My final stop on this particular morning is one of my favorite places on earth… Boulder Beach in the shadow of Otter Cliffs. Although it might not look like it, walking on these rocks was absolutely treacherous. At other times of the year I’m used to dealing with slick, algae covered round rocks here at low tide… rocks that will snap an ankle with ease if you’re not careful. On this occasion though, even the rocks furthest away from the shoreline were wet and covered in a thin sheen of ice, so I was especially careful as I wandered around looking for something to photograph. I like these “head-on” type photographs… there’s something about the straight lines and order in the composition that floats my slightly OCD boat.

It was 8:03 a.m. by the time I made this final photograph of the morning, and by then a layer of higher clouds was softly filtering the sun as it tried valiantly to make an appearance.
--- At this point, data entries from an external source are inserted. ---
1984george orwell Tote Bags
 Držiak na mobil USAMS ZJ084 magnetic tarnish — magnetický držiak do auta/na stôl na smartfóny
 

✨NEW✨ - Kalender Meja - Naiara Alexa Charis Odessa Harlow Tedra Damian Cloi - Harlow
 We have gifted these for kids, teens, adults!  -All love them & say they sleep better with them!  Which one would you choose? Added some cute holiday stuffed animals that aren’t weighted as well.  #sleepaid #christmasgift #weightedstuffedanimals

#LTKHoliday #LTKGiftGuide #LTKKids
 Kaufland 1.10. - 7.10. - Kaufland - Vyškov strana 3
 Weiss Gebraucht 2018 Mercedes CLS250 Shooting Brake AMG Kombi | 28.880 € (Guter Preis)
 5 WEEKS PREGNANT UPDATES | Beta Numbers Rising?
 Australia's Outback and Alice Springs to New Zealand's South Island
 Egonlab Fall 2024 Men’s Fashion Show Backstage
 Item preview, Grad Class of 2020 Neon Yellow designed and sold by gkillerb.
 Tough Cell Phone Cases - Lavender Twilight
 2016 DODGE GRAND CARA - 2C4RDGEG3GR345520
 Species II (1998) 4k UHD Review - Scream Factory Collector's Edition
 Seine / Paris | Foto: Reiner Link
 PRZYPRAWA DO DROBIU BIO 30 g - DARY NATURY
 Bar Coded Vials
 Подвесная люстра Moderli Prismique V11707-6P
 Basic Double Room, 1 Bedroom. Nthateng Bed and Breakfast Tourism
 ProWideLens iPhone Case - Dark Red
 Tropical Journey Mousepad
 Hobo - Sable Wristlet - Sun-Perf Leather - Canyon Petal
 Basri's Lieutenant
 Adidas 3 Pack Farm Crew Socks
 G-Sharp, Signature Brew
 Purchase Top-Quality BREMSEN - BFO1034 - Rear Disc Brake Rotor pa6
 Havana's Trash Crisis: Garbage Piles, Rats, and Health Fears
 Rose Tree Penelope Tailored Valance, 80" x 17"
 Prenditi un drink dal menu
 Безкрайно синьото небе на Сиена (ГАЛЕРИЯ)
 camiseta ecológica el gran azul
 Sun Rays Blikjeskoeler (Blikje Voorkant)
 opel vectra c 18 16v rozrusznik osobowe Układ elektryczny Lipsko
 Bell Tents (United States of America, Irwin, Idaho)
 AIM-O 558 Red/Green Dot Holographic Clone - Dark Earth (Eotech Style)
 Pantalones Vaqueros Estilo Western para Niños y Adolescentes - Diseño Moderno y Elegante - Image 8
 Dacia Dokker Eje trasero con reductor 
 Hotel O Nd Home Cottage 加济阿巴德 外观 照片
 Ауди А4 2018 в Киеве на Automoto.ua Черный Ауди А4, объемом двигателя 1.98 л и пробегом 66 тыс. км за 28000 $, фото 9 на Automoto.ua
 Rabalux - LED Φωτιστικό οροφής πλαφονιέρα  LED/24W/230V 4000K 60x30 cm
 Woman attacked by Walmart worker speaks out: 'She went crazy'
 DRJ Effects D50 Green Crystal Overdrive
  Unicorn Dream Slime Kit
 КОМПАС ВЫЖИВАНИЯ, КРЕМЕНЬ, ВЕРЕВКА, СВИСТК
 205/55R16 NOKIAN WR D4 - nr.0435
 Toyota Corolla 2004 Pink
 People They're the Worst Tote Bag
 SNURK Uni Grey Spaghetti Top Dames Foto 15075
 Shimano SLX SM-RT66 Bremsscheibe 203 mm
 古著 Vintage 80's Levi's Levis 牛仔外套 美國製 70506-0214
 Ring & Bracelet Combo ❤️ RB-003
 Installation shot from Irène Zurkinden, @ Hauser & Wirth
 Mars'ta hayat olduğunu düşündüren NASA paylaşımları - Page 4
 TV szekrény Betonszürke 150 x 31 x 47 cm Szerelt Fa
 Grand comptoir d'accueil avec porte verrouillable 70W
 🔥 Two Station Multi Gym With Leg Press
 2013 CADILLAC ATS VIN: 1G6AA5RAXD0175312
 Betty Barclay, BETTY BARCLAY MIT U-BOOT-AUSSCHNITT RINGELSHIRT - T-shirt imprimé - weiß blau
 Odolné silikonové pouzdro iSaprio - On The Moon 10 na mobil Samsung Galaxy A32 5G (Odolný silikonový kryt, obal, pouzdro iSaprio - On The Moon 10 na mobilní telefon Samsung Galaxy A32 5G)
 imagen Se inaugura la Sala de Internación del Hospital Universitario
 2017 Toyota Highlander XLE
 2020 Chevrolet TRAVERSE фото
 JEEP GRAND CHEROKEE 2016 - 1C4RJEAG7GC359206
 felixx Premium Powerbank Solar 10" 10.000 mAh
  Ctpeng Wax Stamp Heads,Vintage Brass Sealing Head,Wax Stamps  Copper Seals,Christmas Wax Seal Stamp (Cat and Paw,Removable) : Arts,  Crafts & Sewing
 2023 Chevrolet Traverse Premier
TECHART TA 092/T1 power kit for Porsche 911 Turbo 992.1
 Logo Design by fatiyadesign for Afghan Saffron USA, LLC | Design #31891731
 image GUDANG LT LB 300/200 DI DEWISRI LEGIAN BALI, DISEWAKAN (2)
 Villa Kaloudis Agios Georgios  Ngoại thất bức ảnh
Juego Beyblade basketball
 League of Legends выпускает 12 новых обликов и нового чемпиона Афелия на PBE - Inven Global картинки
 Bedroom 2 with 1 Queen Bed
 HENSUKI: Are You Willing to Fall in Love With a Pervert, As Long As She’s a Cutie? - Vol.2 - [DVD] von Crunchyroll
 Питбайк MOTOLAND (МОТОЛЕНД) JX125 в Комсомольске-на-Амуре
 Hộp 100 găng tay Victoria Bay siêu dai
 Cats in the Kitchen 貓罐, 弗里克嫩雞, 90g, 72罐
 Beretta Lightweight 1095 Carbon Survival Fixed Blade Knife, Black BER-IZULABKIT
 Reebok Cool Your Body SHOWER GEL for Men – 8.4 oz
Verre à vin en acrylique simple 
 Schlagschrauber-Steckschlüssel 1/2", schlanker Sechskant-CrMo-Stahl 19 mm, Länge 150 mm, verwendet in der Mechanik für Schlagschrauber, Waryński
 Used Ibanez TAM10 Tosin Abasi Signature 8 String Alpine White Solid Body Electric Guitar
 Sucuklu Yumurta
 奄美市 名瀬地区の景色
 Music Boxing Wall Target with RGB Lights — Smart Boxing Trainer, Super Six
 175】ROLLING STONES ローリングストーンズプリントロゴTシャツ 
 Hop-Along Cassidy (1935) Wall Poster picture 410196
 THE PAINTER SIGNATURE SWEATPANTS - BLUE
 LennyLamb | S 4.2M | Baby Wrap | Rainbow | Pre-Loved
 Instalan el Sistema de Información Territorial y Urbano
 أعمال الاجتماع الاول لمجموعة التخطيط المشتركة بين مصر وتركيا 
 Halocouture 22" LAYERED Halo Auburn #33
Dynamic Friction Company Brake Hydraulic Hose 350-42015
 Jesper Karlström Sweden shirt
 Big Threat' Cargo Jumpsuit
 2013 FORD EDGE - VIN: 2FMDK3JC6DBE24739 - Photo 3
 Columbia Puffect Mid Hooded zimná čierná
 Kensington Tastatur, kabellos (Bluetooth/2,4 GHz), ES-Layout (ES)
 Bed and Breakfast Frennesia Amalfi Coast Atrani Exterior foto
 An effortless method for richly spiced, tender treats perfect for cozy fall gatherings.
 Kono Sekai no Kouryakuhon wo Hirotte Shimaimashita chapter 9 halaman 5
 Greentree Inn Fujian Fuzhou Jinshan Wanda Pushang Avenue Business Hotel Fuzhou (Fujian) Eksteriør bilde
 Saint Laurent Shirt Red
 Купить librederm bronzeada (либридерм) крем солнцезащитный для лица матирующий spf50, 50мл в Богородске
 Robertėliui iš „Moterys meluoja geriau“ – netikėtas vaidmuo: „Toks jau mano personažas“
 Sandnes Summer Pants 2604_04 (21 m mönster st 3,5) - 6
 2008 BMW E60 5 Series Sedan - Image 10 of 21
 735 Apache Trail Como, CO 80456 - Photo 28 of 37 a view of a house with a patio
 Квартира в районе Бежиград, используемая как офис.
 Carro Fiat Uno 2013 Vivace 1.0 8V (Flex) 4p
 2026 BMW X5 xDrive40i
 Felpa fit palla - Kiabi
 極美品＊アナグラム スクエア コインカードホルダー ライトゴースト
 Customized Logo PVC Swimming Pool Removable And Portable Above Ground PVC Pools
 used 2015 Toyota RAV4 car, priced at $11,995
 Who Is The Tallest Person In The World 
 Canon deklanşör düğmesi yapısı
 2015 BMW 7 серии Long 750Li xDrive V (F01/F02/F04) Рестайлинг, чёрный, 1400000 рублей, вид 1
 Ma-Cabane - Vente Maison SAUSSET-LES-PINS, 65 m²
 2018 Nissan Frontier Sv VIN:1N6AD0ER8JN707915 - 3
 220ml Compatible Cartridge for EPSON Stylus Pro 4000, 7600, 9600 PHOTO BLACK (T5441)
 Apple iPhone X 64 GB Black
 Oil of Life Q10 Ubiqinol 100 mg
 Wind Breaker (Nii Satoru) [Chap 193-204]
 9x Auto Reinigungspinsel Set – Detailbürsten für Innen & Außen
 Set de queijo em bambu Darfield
Although I intentionally chose a shutter speed which I hoped would render the surf something like this, I have to admit that the light shining through the breaking wave far surpassed my expectations. In an attempt to capture a wave crashing perpendicular to the shore thereby maintaining the straight lines in the frame, I must have made 25-30 exposures. Although perhaps a little simple compositionally, and with somewhat muted colors, I like how the famous and now indigenous round rocks make for a fairly striking and contrasting pattern in the foreground.

Sometimes, less is more…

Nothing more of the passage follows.